The drive to Hilton Head takes about an hour and I surprised myself by driving straight to the Westin.  A navigational highlight of the day followed by many wrong turns later on this oddly organized island.

Instead of municipal governments the Island has plantations.  The Westin, for example, is in Port Royal Plantation on the heel of the Island.  When Kate and I took off for lunch at Crazy Crab, we had to go to Sea Pine Plantation on the other end of the ocean side of Hilton Head.  Sea Pines has a gate and charged us $5! to get in.  That explained the Crazy part.

After proving several times that finding the Westin was a fluke, we made it back where I took a long nap and Kate went to get educated.

The  Atlantic,at least today, is gray and has a forbidding aura, quite different from the placid Pacific I know better from Hawai’i.

Kate and I walked the beach and while.  We came upon a beached jelly fish.  It felt like jelly when I poked it with my finger.  The lifeguard said they were cannonball jellies or jelly balls.  They don’t sting.

I learned about sea oats and the protective nature of the dunes on which they grow.  The dunes are not play areas and their vegetation has legal protection since they hold they dunes together and the dunes buffer the insistent work of the waves.

The Westin serves a grits and gravy dish with flash seared shrimp that made me happy.  Low country cooking is tasty.

This whole area, the low country, gets its name from the era of the plantations.  Early on white settlers discovered malaria made growing the indigo and rice crops impossible them.  Thanks to the sickle cell trait, however, many Africans have total or some immunity.

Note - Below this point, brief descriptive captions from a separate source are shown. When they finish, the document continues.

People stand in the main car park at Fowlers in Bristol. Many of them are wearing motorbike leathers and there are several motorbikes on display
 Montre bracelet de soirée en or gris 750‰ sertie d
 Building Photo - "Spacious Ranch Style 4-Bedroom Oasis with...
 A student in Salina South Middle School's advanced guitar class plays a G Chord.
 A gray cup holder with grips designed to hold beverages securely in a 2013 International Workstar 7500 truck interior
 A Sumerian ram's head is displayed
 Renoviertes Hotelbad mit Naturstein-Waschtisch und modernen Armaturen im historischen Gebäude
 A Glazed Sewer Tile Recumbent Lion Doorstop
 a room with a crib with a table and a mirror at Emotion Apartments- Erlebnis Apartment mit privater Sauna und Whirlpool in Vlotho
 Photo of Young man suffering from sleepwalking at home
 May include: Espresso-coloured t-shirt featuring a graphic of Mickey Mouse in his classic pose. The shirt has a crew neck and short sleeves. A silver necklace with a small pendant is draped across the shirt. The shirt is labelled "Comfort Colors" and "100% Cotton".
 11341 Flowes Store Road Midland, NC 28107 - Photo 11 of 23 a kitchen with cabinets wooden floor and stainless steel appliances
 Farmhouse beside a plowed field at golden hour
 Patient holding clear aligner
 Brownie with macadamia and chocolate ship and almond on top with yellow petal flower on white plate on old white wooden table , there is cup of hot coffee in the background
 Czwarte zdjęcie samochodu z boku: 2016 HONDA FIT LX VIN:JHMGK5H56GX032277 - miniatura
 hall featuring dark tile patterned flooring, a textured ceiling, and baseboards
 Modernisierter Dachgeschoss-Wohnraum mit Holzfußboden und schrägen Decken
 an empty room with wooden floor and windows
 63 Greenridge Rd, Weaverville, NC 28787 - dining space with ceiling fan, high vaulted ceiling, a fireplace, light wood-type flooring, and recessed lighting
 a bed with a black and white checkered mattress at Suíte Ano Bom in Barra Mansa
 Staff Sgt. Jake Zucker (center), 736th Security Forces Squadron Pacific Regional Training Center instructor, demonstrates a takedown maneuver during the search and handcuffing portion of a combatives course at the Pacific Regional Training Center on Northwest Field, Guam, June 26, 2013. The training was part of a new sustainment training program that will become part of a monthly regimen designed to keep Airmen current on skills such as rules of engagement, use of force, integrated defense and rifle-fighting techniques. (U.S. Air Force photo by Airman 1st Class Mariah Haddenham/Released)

Hurray!  During the growing season white plantation owners would retreat to the highlands of South Carolina and leave the plantation in the care of their slaves.  The slaves worked the land, brought in the crop and got crummy accommodations, no wages and oppression as thanks.

It is more than a little peculiar that this Island organizes itself around the notion of plantations.  I find it distasteful.

Over and out from the Atlantic Coast.


One Response to Hilton Head Island

  1. Avatar Tommy G
    Tommy G says:

    If you find it so distasteful, don’t come back. We won’t miss having you here.